• _About this task_
Your task is to copy every line of the entries that holds the word "Green".

• _Records shown_
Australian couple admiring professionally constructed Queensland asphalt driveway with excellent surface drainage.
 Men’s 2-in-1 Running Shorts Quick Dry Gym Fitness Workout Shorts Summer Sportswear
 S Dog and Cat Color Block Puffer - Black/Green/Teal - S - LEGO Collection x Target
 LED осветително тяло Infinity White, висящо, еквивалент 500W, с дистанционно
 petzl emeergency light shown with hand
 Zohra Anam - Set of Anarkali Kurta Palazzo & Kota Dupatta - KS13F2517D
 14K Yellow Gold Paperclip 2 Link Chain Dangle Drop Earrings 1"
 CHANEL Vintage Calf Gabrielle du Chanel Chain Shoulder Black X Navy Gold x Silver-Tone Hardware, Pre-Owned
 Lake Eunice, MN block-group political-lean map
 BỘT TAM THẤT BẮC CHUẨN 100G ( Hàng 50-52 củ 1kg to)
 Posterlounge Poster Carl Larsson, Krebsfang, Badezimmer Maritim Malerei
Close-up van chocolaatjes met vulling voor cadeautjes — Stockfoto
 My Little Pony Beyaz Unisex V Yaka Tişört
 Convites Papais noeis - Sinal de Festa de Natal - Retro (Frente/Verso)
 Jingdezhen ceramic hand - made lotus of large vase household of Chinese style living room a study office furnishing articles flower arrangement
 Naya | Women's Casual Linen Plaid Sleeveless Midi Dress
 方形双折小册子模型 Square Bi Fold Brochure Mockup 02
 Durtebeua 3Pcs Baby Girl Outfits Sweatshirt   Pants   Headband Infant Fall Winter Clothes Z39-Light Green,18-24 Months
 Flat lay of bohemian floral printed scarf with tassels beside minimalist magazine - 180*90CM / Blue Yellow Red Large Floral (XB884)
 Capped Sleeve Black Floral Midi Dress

• _Answer box_
 S Dog and Cat Color Block Puffer - Black/Green/Teal - S - LEGO Collection x Target
 Durtebeua 3Pcs Baby Girl Outfits Sweatshirt   Pants   Headband Infant Fall Winter Clothes Z39-Light Green,18-24 Months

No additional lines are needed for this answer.